9 ConExpo questions with Xylem’s Ken Albaugh

By |  March 24, 2023

We do a lot of energy audits for customers. We’ll go out and use our optimyze units, putting them on equipment so we can see vibration. With our different controllers, we can see amp draws. We can look at where [customers] are on their pump curves and say: ‘This pump is running way out here and being inefficient, and you may be using more horsepower than you need to in the application.’

Condition monitoring tools now provide health guidance and predictive maintenance advice for rotating and fixed assets such as pumps and motors. Photo: Xylem

Condition monitoring tools now provide health guidance and predictive maintenance advice for rotating and fixed assets such as pumps and motors. Photo: Xylem

Yanik: You just touched on monitoring technology and knowing what your equipment is doing. Where is Xylem with that right now, and where do you think the company is going with it?

Albaugh: Digital is a huge focus for us as a company. It’s also a huge focus for pretty much everybody I talked to, whether it’s our Aquavar IPCs [or] smart technology for our diesel-driven pumps. All of our products can be lit up so the owner/operator can see how they’re performing. Pit operators can look at their cellphone on a Saturday if it started raining and see if their pump’s pumping and know if their water quality is good.

Yanik: How much of digitization is being driven by the manufacturer versus the customer?

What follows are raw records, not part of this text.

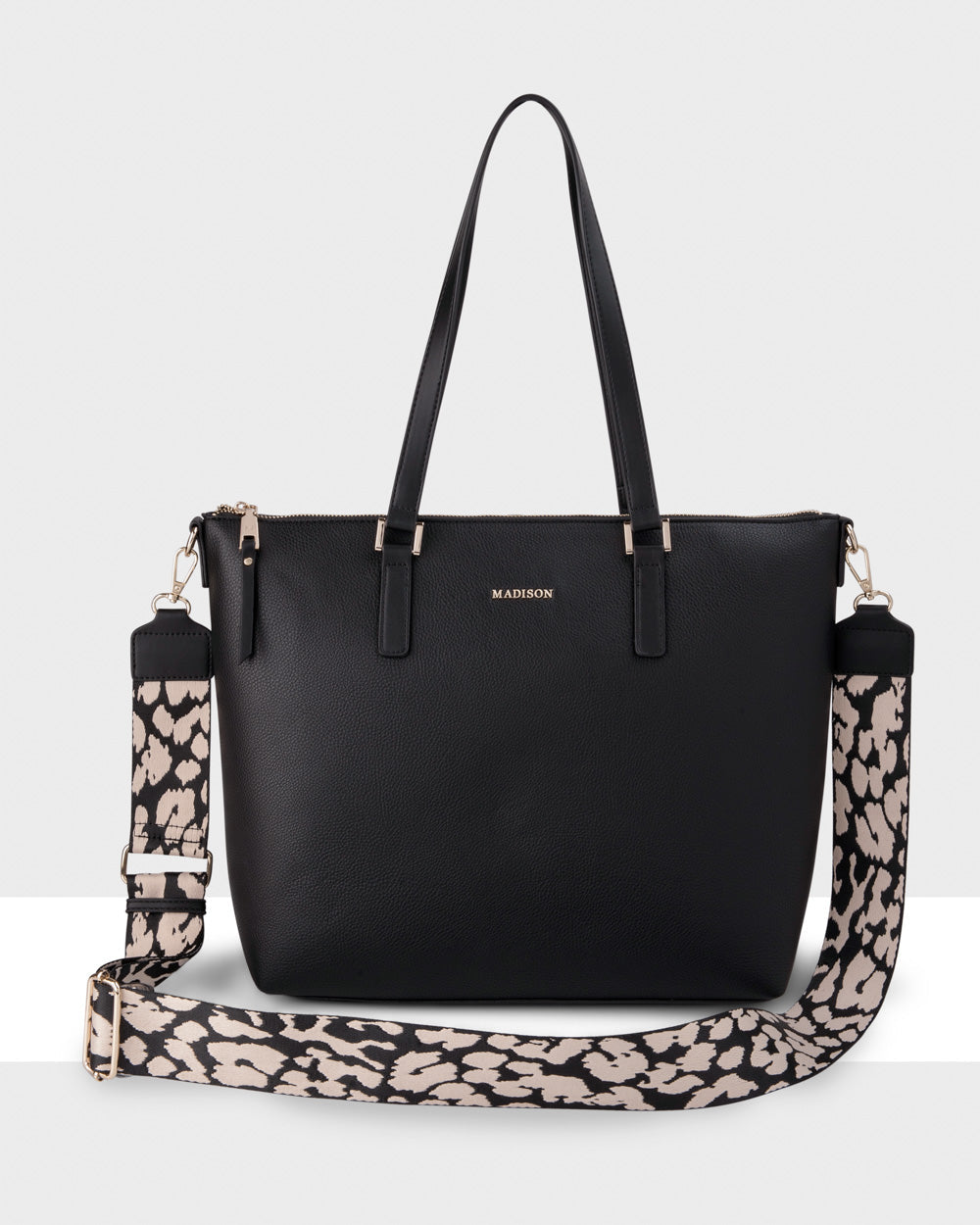 Inga Large Zip Top Tote Bag With Laptop Pocket + Leopard Bag Strap-Handbags-PEROZ Accessories
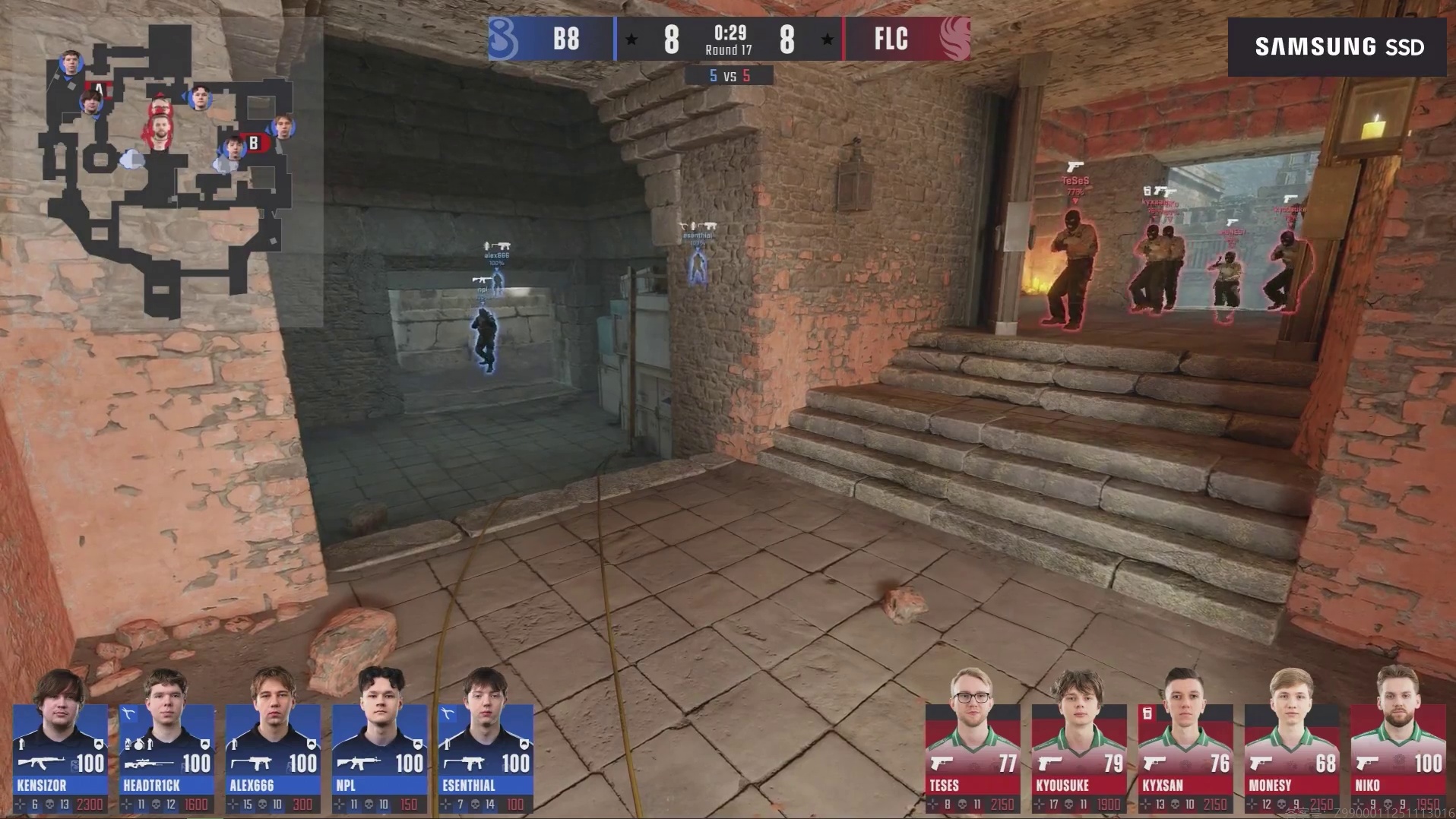 npl接住猎鹰中路的rush扫射转移四杀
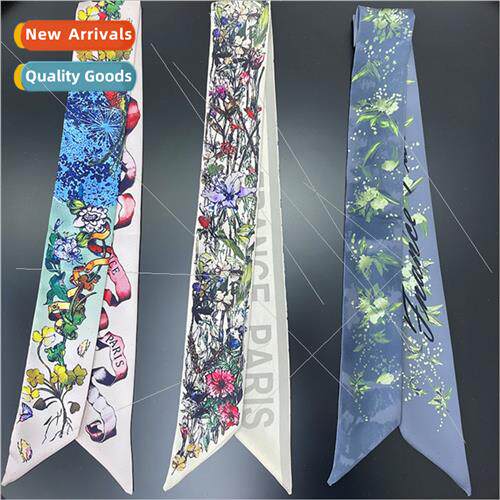Korea thin narrow long silk scarf women simulation silk flut
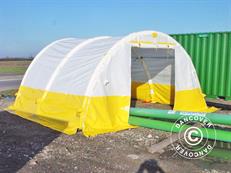 Aufblasbares Arbeitszelt in Bogenform FleXshelter PRO, 5,5x6m, weiß/gelb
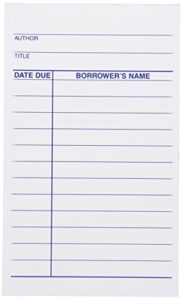 school smart 1485890 circulation date due cards, 3 x 5 inches, white, pack of 500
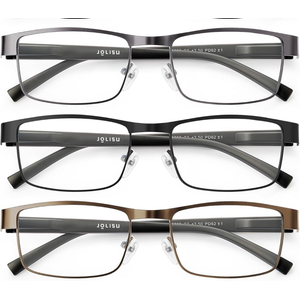 BLS Businessman Rectangular Reading Glasses - Professional Durable Readers - Blue-Light Blocking Lenses + 0.5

Albaugh: It varies. Almost every one of our solutions is scalable. With our Field Smart Technology, if somebody just wants to see if the pump is running and if it’s got fuel, they can do that. But if you’ve got a reliability engineer who wants to see engine loads and those things, we can provide that as well.

With a lot of our customers, we’ll start with entry-level data. Some of your national-level people want everything.

Also, I think it all has to be tied back to actual maintenance and production. It has to be tied back to something tangible. You can get data overload very quickly. You can blast parameters to people who are never going to change.

As an equipment OEM, when we say this parameter is important to monitor, it is definitely tied back to a functionality feature or a maintenance feature of that piece of equipment. We’re not just feeding them data to feed them data. We’re saying: ‘You need to watch this vibration, temperature or these bearings in order to keep the process running – and to possibly intervene before something completely implodes and shuts your operation down.’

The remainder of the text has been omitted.